● What you need to do:
Reproduce all of the data exactly.

[Data provided]

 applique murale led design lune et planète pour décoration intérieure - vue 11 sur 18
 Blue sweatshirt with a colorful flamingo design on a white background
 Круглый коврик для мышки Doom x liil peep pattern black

[/Data provided]

● Completed exercise:
 applique murale led design lune et planète pour décoration intérieure - vue 11 sur 18
 Blue sweatshirt with a colorful flamingo design on a white background
 Круглый коврик для мышки Doom x liil peep pattern black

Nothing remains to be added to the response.